» **Brief**
Using the listing below, give again exactly the lines from the line with "Vlakken - Abstract" to the line with "技能比武展风采 实战练兵铸铁军", inclusive, without the pictures.
━━━━━━━━━━━━━━━━━━━━━━━━━━━━━━
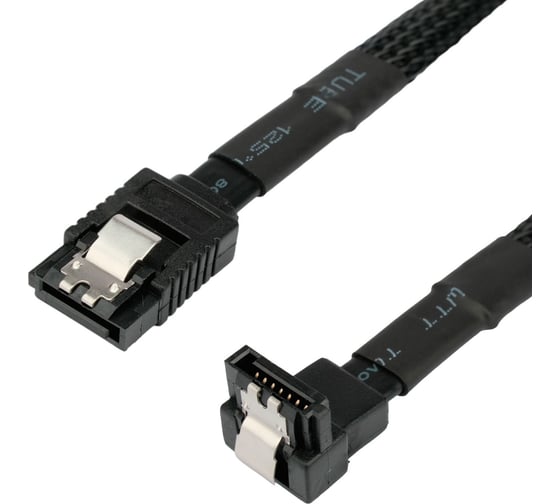 Интерфейсный кабель Cablexpert sata, sata3 7pin/7pin, 30см, нейлоновая оплетка,черн,пакет, CC-SATAM-DATA90-BLBR-30CM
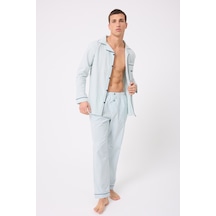 L'espadon Marısılk Premium Dokuma Uzun Kollu Uzun Paçalı Erkek Pijama Takımı-3185 Nane Yeşili L'espadon Marısılk Premium Dokuma Uzun Kollu Uzun Paçalı Erkek Pijama Takımı-3185 Nane Yeşili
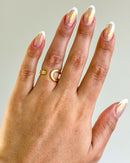 Anel Regulável Oval Vazado - Semijoia Banhado em Ouro 18k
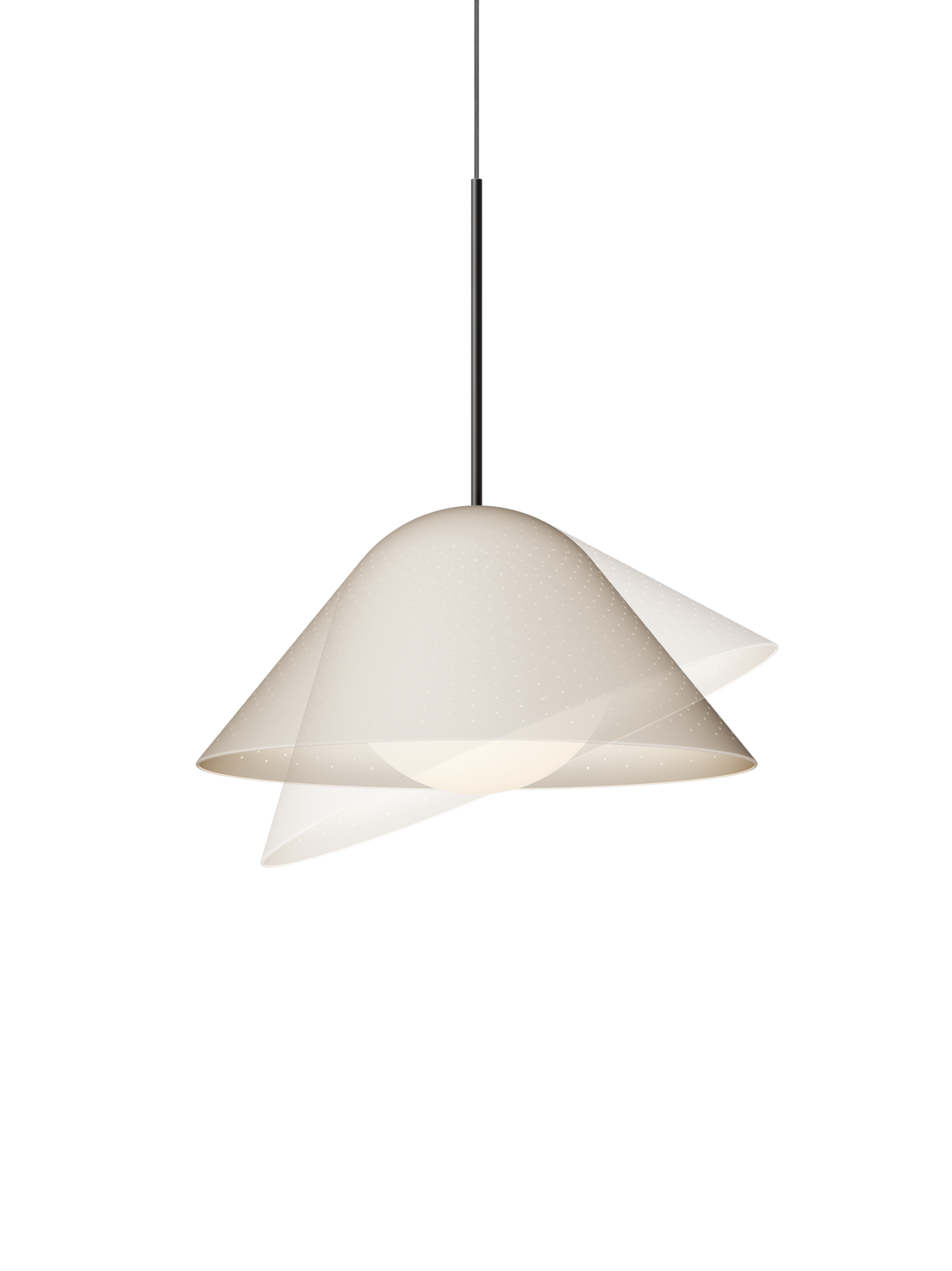 Bola Bell perforated metal pendant showing the shade tilt adjustment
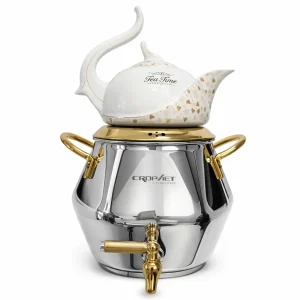 ست کتری قوری کروپ ست مدل الماس طلایی کد 707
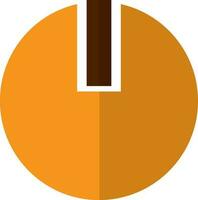 Orange and brown power button in flat style. vector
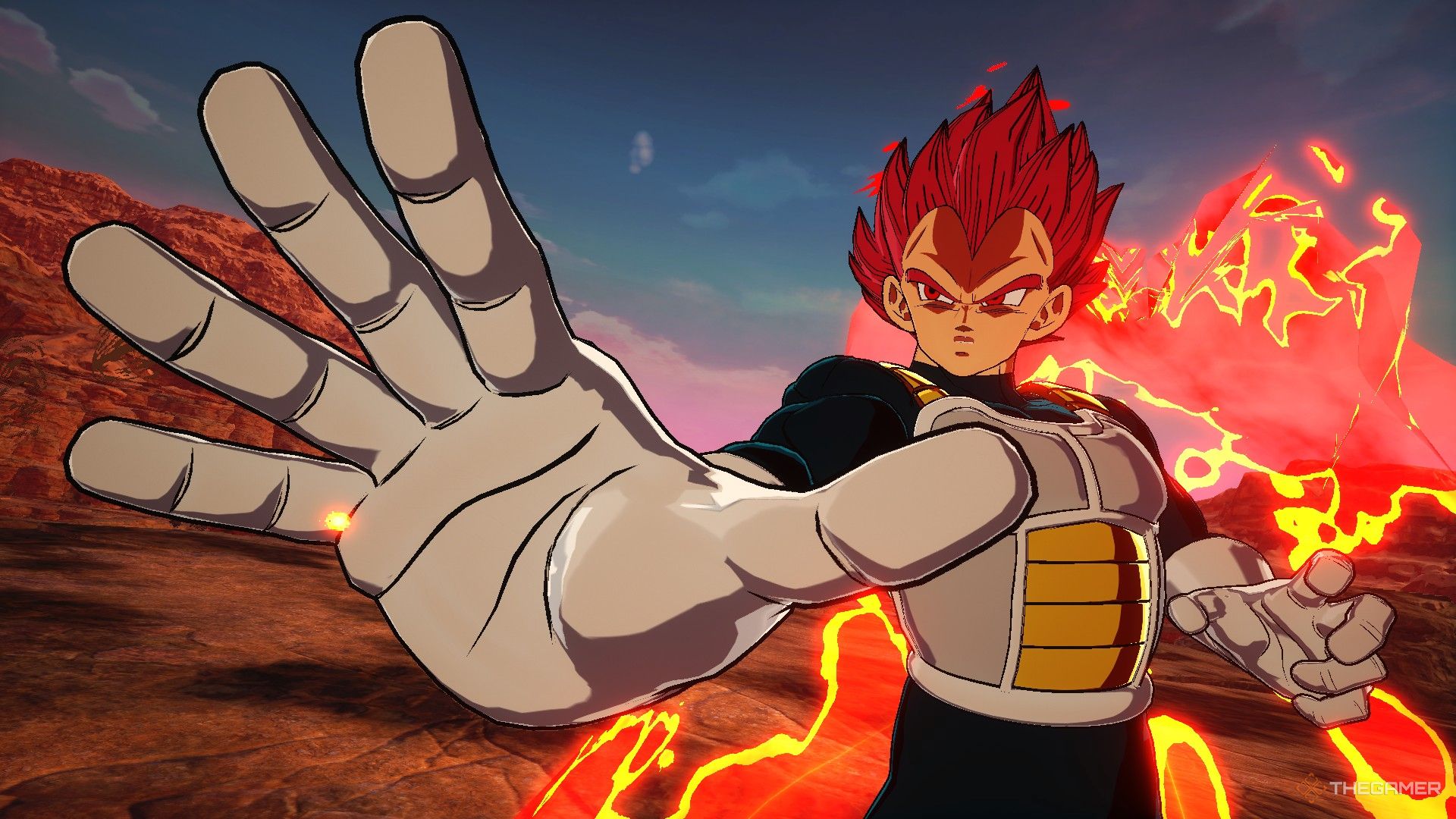 Dragon Ball Sparking Zero image showing Vegeta as a super saiyan god about to attack.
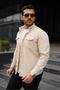 Men's Velvet Shirt Long Sleeve with Pockets / Casual & Stylish Comfortable Fit - 2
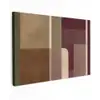 Vlakken - Abstract - Bordeaux - Lijnen Tuinposter op houten frame 2 cm dik klein -3d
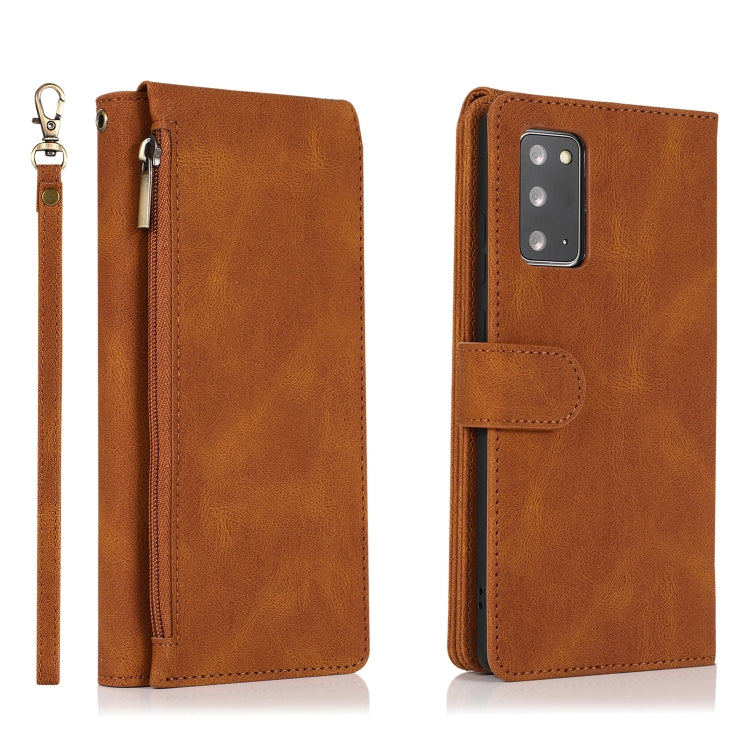 For Samsung Galaxy Note20 Skin-feel Crazy Horse Texture Zipper Wallet Bag Horizontal Flip Leather Case with Holder & Card Slots & Wallet & Lanyard
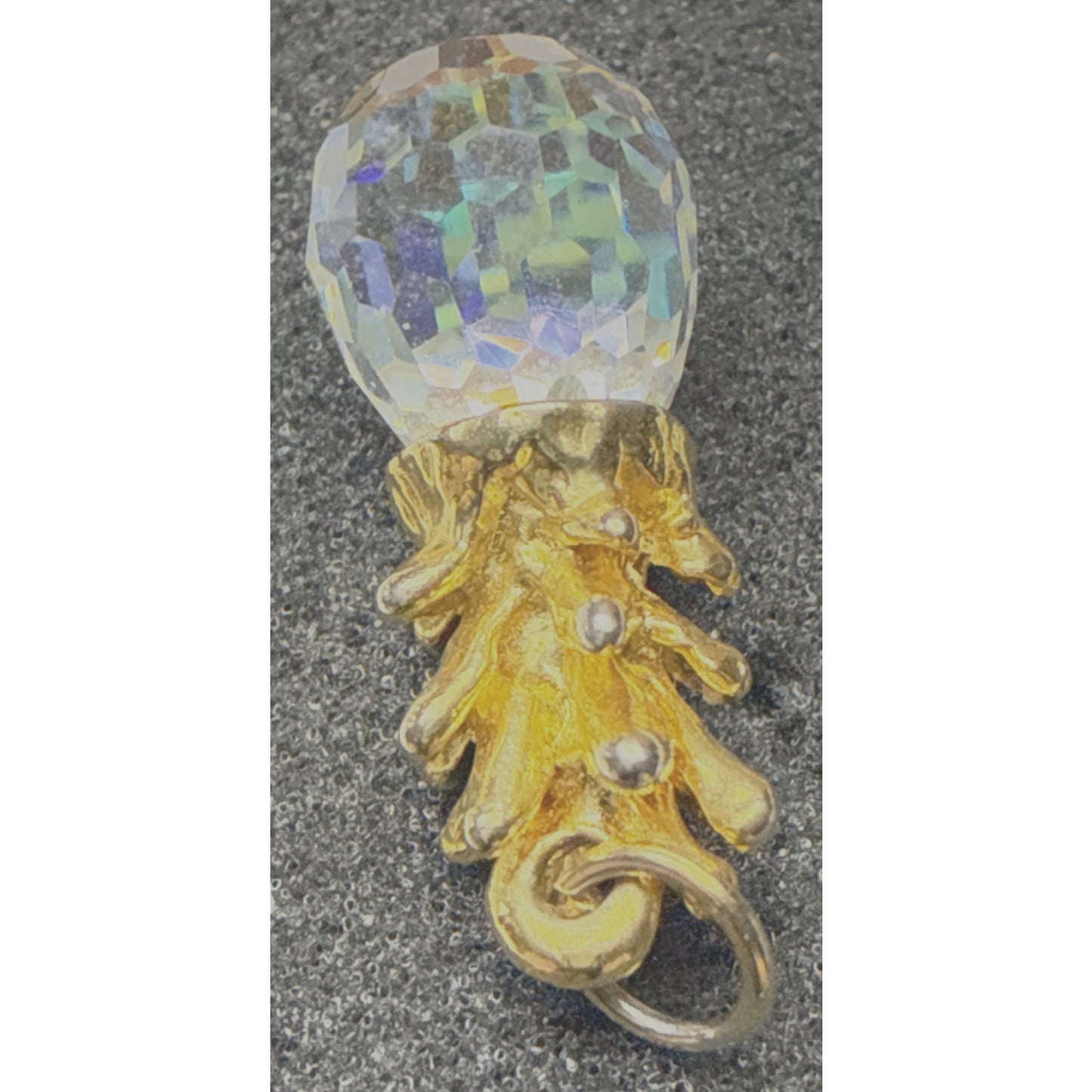 Vintage Set Faceted Crystal Pineapple Earrings and Pendant Charm As Is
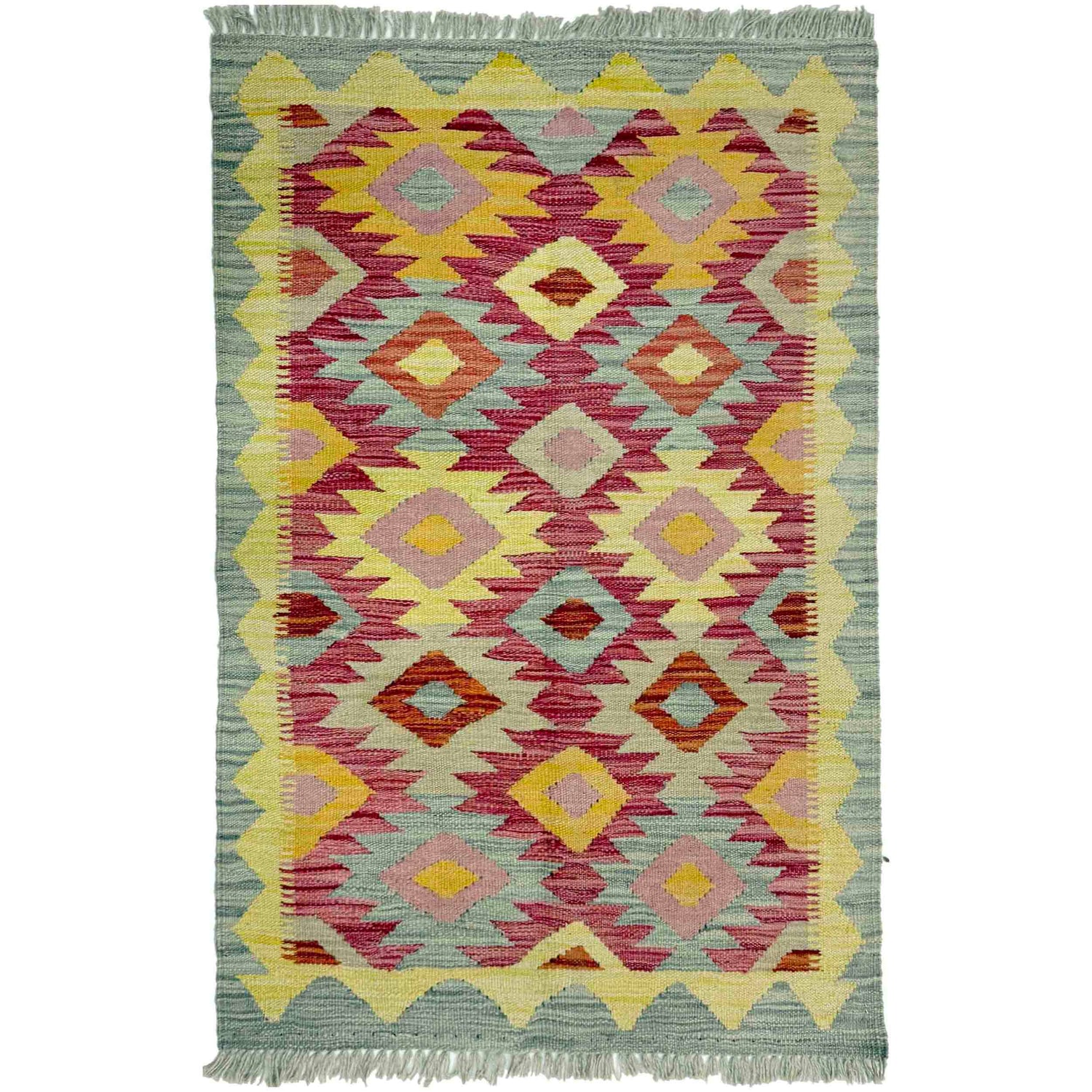 Handmade Multi Kilim Geometric 2x4 ft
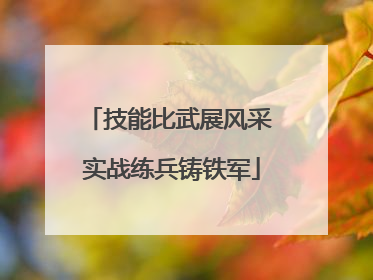 技能比武展风采 实战练兵铸铁军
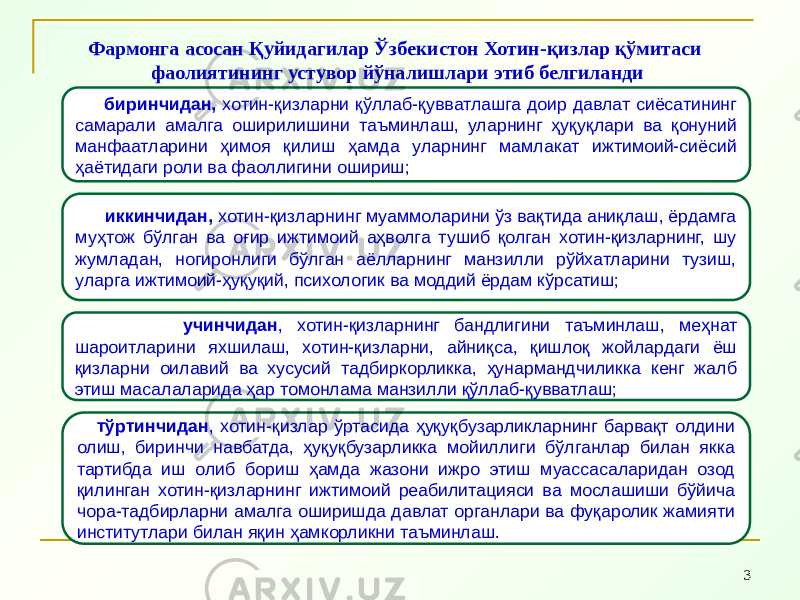 3Фармонга асосан Қуйидагилар Ўзбекистон Хотин-қизлар қўмитаси фаолиятининг устувор йўналишлари этиб белгиланди биринчидан, хотин-қизларни қўллаб-қувватлашга доир давлат сиёсатининг самарали амалга оширилишини таъминлаш, уларнинг ҳуқуқлари ва қонуний манфаатларини ҳимоя қилиш ҳамда уларнинг мамлакат ижтимоий-сиёсий ҳаётидаги роли ва фаоллигини ошириш; иккинчидан, хотин-қизларнинг муаммоларини ўз вақтида аниқлаш, ёрдамга муҳтож бўлган ва оғир ижтимоий аҳволга тушиб қолган хотин-қизларнинг, шу жумладан, ногиронлиги бўлган аёлларнинг манзилли рўйхатларини тузиш, уларга ижтимоий-ҳуқуқий, психологик ва моддий ёрдам кўрсатиш; учинчидан , хотин-қизларнинг бандлигини таъминлаш, меҳнат шароитларини яхшилаш, хотин-қизларни, айниқса, қишлоқ жойлардаги ёш қизларни оилавий ва хусусий тадбиркорликка, ҳунармандчиликка кенг жалб этиш масалаларида ҳар томонлама манзилли қўллаб-қувватлаш; тўртинчидан , хотин-қизлар ўртасида ҳуқуқбузарликларнинг барвақт олдини олиш, биринчи навбатда, ҳуқуқбузарликка мойиллиги бўлганлар билан якка тартибда иш олиб бориш ҳамда жазони ижро этиш муассасаларидан озод қилинган хотин-қизларнинг ижтимоий реабилитацияси ва мослашиши бўйича чора-тадбирларни амалга оширишда давлат органлари ва фуқаролик жамияти институтлари билан яқин ҳамкорликни таъминлаш.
━━━━━━━━━━━━━━━━━━━━━━━━━━━━━━
» **Solution**
 Vlakken - Abstract - Bordeaux - Lijnen Tuinposter op houten frame 2 cm dik klein -3d
 For Samsung Galaxy Note20 Skin-feel Crazy Horse Texture Zipper Wallet Bag Horizontal Flip Leather Case with Holder & Card Slots & Wallet & Lanyard
 Vintage Set Faceted Crystal Pineapple Earrings and Pendant Charm As Is
 Handmade Multi Kilim Geometric 2x4 ft
 技能比武展风采 实战练兵铸铁军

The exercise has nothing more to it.